Everywhere I look I keep getting premonitions that the world is coming to an end. I saw that movie Z on television last night, the one about the politician who gets murdered. Does u? Oh, Harry, I wish I could explain how utterly petrified I am. Katharina finished her letter and faxed it to Harry in the Netherlands. To be sure he received it, she faxed him a second copy, and a third, and then, finally, Katharina felt she had done everything she could do. Wired and restless, she crawled into bed and put out the light. Wide awake, Katharina Waldburg was once again in the dark.
He held several faxed pages in his hands.
Harry went to the suite bar and mixed a Manhattan for his wife and a martini for himself. As they sipped their drinks, Harry reflected on recent events and tried to put them together logically in his mind. But with Katharina it had all happened so fast. She had been talking to clients about the benefits of practical paranoia, and in a country like Germany, where executives were desperate to regain any competitive edge, her ideas about the paranoid organization had been a big hit.
But attacking Roland in the office and offending clients crossed the boundaries of what was acceptable. She went out and got drunk with his client. But if we fire her, we could end up getting sued. She sat down on the sofa beside Harry. I mean, on what grounds could I do that?
And she sent around some oddball memos.
But if I tried to hospitalize every associate who sent me rambling e-mails, the asylums would be full. Harry and Caroline sat in silence for a few minutes. He felt threatened by Katharina—I know that now—but she wanted to be in Berlin so badly that I persuaded him to take her.
Maybe it was the tension between them that pushed her over the edge. Katharina may try to get in touch with other clients or, worse, she could do something to hurt herself. What a mess. MacArthur Fellow. On average, one person in will suffer from manic depression or bipolar illness, as it is also called in the severe form described here, and another two or three will experience it in a milder form.

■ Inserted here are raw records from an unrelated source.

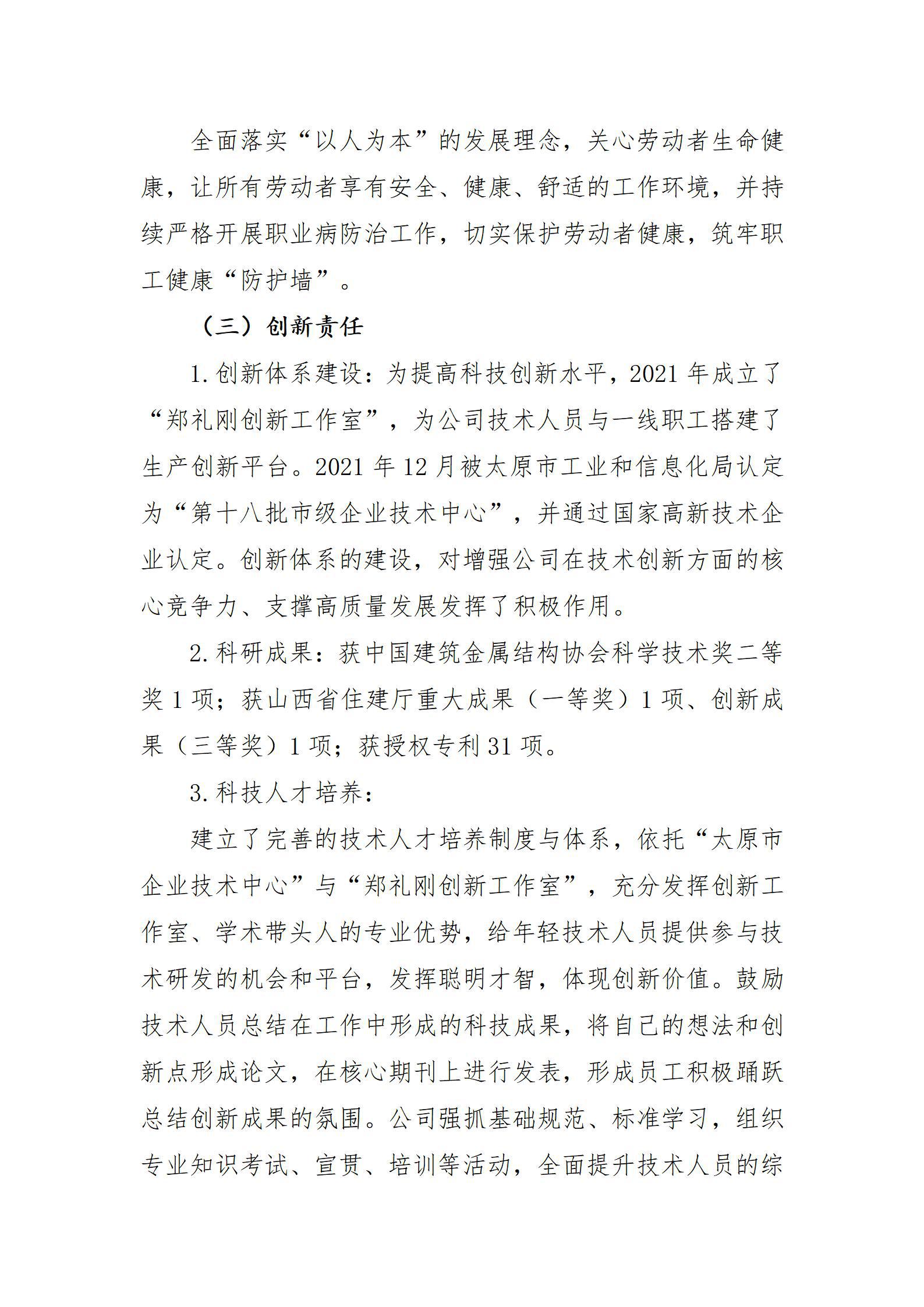 澳门铁盘算盘490777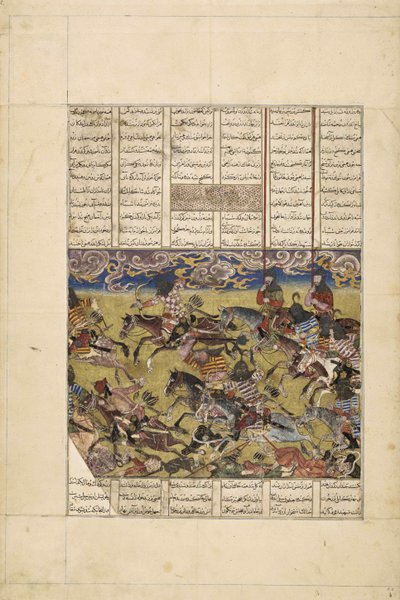 Demotte Shahnameh: Faramarz ściga króla Kabulu, ok. 1330. autorstwa Iranian master.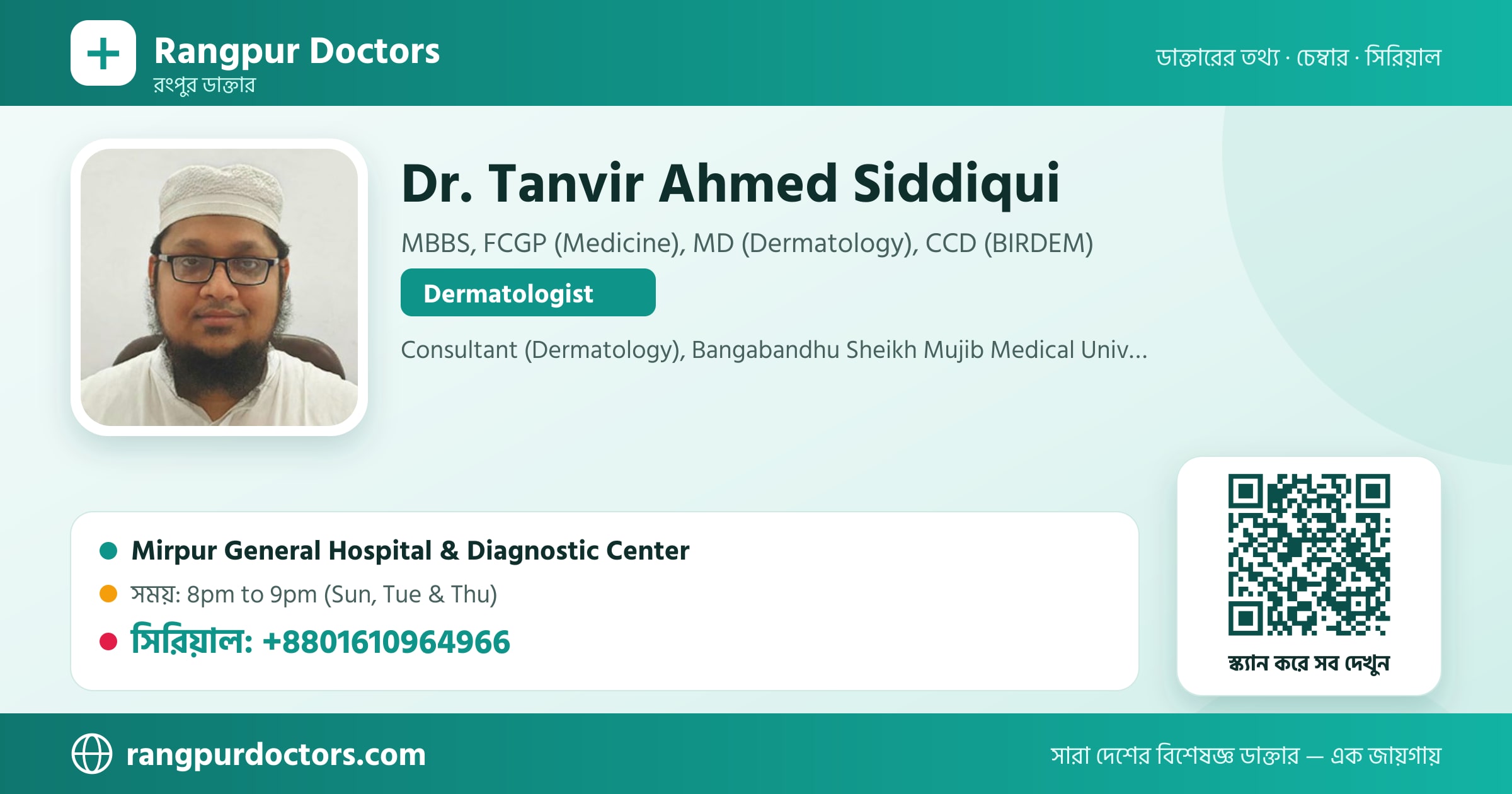 Dr. Tanvir Ahmed Siddiqui — share card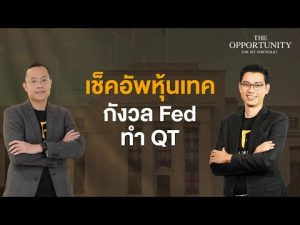 แจกสไลด์ รายการ THE OPPORTUNITY - "เช็คอัพหุ้นเทค กังวล Fed ทำ QT"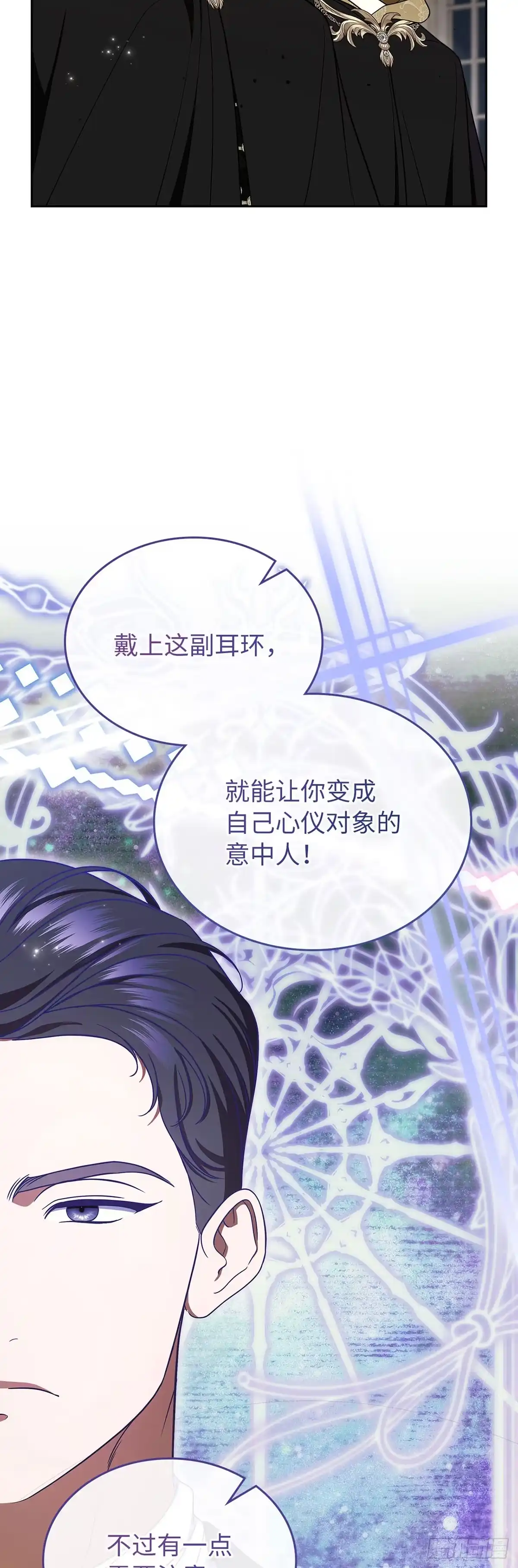 未婚夫又去舔女主了 第92话 爱是放手 第10页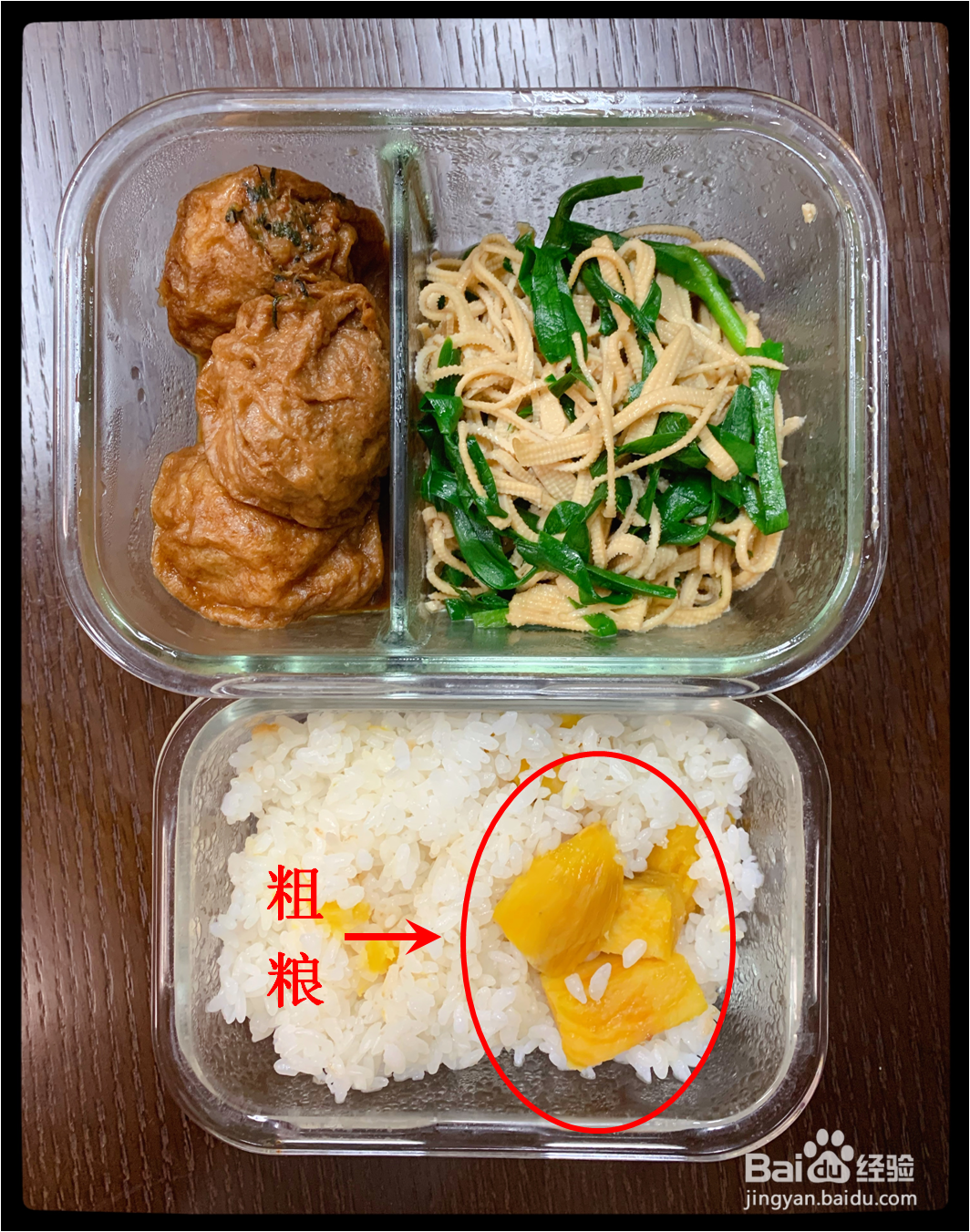 每日午餐便当怎么搭配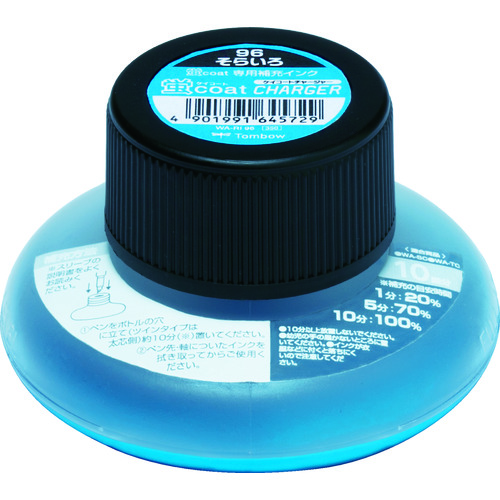 トラスコ中山 Tombow 蛍光補充インクRI 96 空(ご注文単位 1個)【直送品】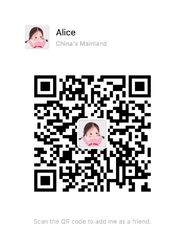 Le WECHAT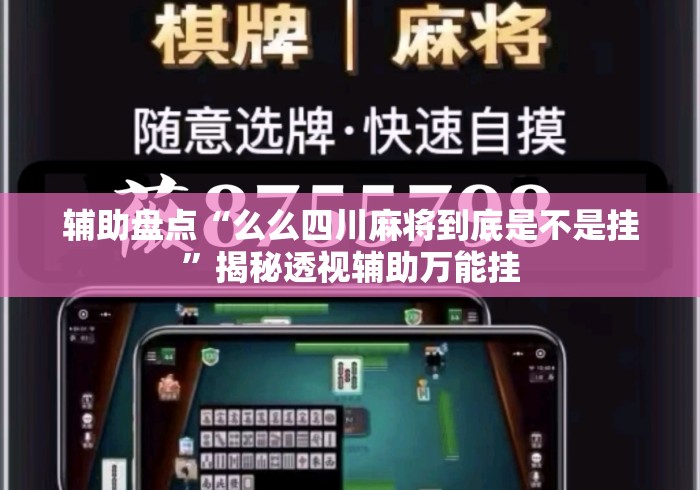 辅助盘点“么么四川麻将到底是不是挂	”揭秘透视辅助万能挂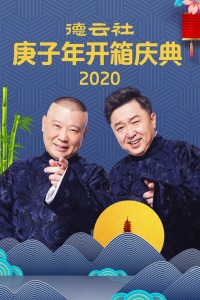 德云社庚子年开箱庆典2020图片
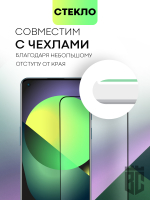 Набор стекол BROSCORP для OnePlus 9RT оптом (арт. ONEPLUS-9RT-FSP-SET2)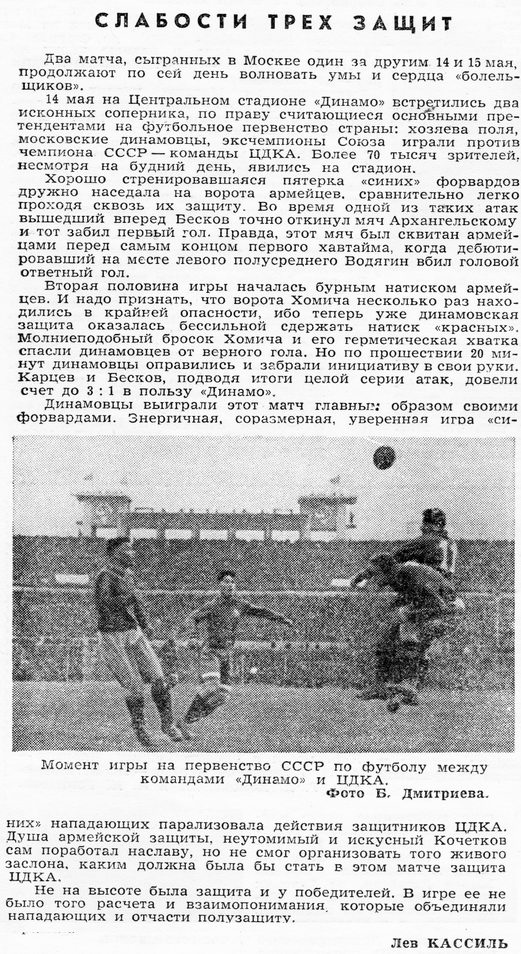 1947-05-14.DinamoM-CDKA.6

In high-powered environments, such as the one at Pierce and Company, the numbers will be even higher. In other words, a lot of businesspeople have bipolar illness, but because of the stigma involved, no one admits it, and the illness goes untreated. On average, one person in will suffer from manic depression in a severe form, and another two or three will experience it in a milder form.
This is regrettable because manic depression is a very treatable illness—science is clear on this. A company can do several things to prepare itself for situations such as the one Harry Beecham faces—not the least of which is to develop general guidelines for handling psychiatric crises in the workplace. For instance, they can make sure their senior managers are educated about the symptoms of major mental illnesses.